On 01/25/2017 10:03 AM, Jens Axboe wrote:
> On 01/25/2017 09:57 AM, Hannes Reinecke wrote:
>> On 01/25/2017 04:52 PM, Jens Axboe wrote:
>>> On 01/25/2017 04:10 AM, Hannes Reinecke wrote:
>> [ .. ]
>>>> Bah.
>>>>
>>>> Not quite. I'm still seeing some queues with state 'restart'.
>>>>
>>>> I've found that I need another patch on top of that:
>>>>
>>>> diff --git a/block/blk-mq.c b/block/blk-mq.c
>>>> index e872555..edcbb44 100644
>>>> --- a/block/blk-mq.c
>>>> +++ b/block/blk-mq.c
>>>> @@ -753,8 +754,10 @@ static void blk_mq_timeout_work(struct work_struct
>>>> *work)
>>>>
>>>>                 queue_for_each_hw_ctx(q, hctx, i) {
>>>>                         /* the hctx may be unmapped, so check it here */
>>>> -                       if (blk_mq_hw_queue_mapped(hctx))

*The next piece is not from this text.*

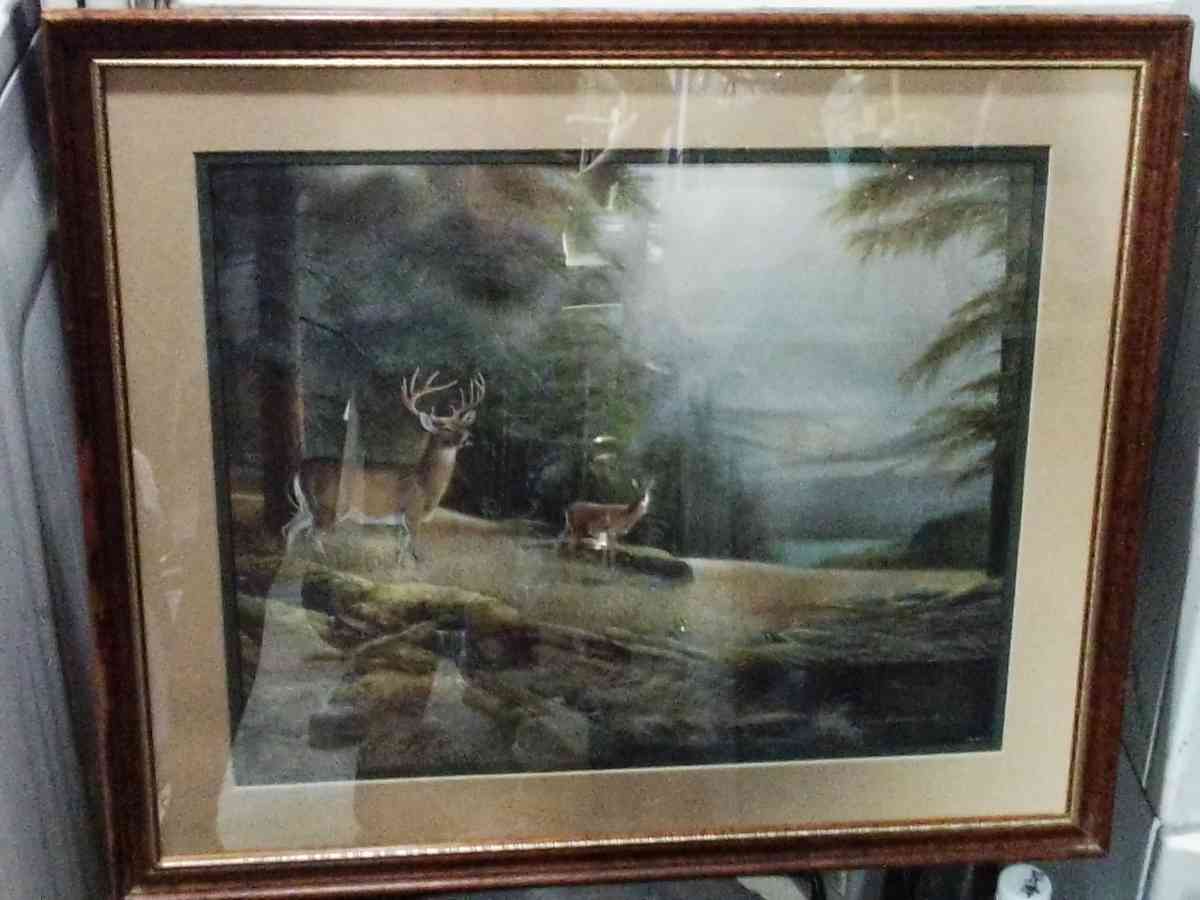 Antique Framed Home Decor Pictures - Fayetteville, Tennessee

>>>> +                       if (blk_mq_hw_queue_mapped(hctx)) {
>>>>                                 blk_mq_tag_idle(hctx);
>>>> +                               blk_mq_sched_restart(hctx);
>>>> +                       }
>>>>                 }
>>>>         }
>>>>         blk_queue_exit(q);
>>>>
>>>>
>>>> Reasoning is that in blk_mq_get_tag() we might end up scheduling the
>>>> request on another hctx, but the original hctx might still have the
>>>> SCHED_RESTART bit set.
>>>> Which will never cleared as we complete the request on a different hctx,
>>>> so anything we do on the end_request side won't do us any good.
>>>
>>> I think you are right, it'll potentially trigger with shared tags and
>>> multiple hardware queues. I'll debug this today and come up with a
>>> decent fix.
>>>
>>> I committed the previous patch, fwiw.
>>>
>> THX.
>>
>> The above patch _does_ help in the sense that my testcase now completes 
>> without stalls. And I even get a decent performance with the mq-sched 
>> fixes: 82k IOPs sequential read with mq-deadline as compared to 44k IOPs 
>> when running without I/O scheduling.
>> Still some way off from the 132k IOPs I'm getting with CFQ, but we're 
>> getting there.
>>
>> However, I do get a noticeable stall during the stonewall sequence 
>> before the timeout handler kicks in, so the must be a better way for 
>> handling this.
>>
>> But nevertheless, thanks for all your work here.
>> Very much appreciated.
> 
> Yeah, the fix isn't really a fix, unless you are willing to tolerate
> potentially tens of seconds of extra latency until we idle it out :-)
> 
> So we can't use the un-idling for this, but we can track it on the
> shared state, which is the tags. The problem isn't that we are
> switching to a new hardware queue, it's if we mark the hardware queue
> as restart AND it has nothing pending. In that case, we'll never
> get it restarted, since IO completion is what restarts it.
> 
> I need to handle that case separately. Currently testing a patch, I
> should have something for you to test later today.

Can you try this one?

diff --git a/block/blk-mq-sched.c b/block/blk-mq-sched.c
index d05061f..6a1656d 100644
--- a/block/blk-mq-sched.c
+++ b/block/blk-mq-sched.c
@@ -300,6 +300,34 @@ bool blk_mq_sched_bypass_insert(struct blk_mq_hw_ctx *hctx, struct request *rq)
 }
 EXPORT_SYMBOL_GPL(blk_mq_sched_bypass_insert);
 
+static void blk_mq_sched_restart_hctx(struct blk_mq_hw_ctx *hctx)
+{
+	if (test_bit(BLK_MQ_S_SCHED_RESTART, &hctx->state)) {
+		clear_bit(BLK_MQ_S_SCHED_RESTART, &hctx->state);
+		if (blk_mq_hctx_has_pending(hctx))
+			blk_mq_run_hw_queue(hctx, true);
+	}
+}
+
+void blk_mq_sched_restart_queues(struct blk_mq_hw_ctx *hctx)
+{
+	unsigned int i;
+
+	if (!(hctx->flags & BLK_MQ_F_TAG_SHARED))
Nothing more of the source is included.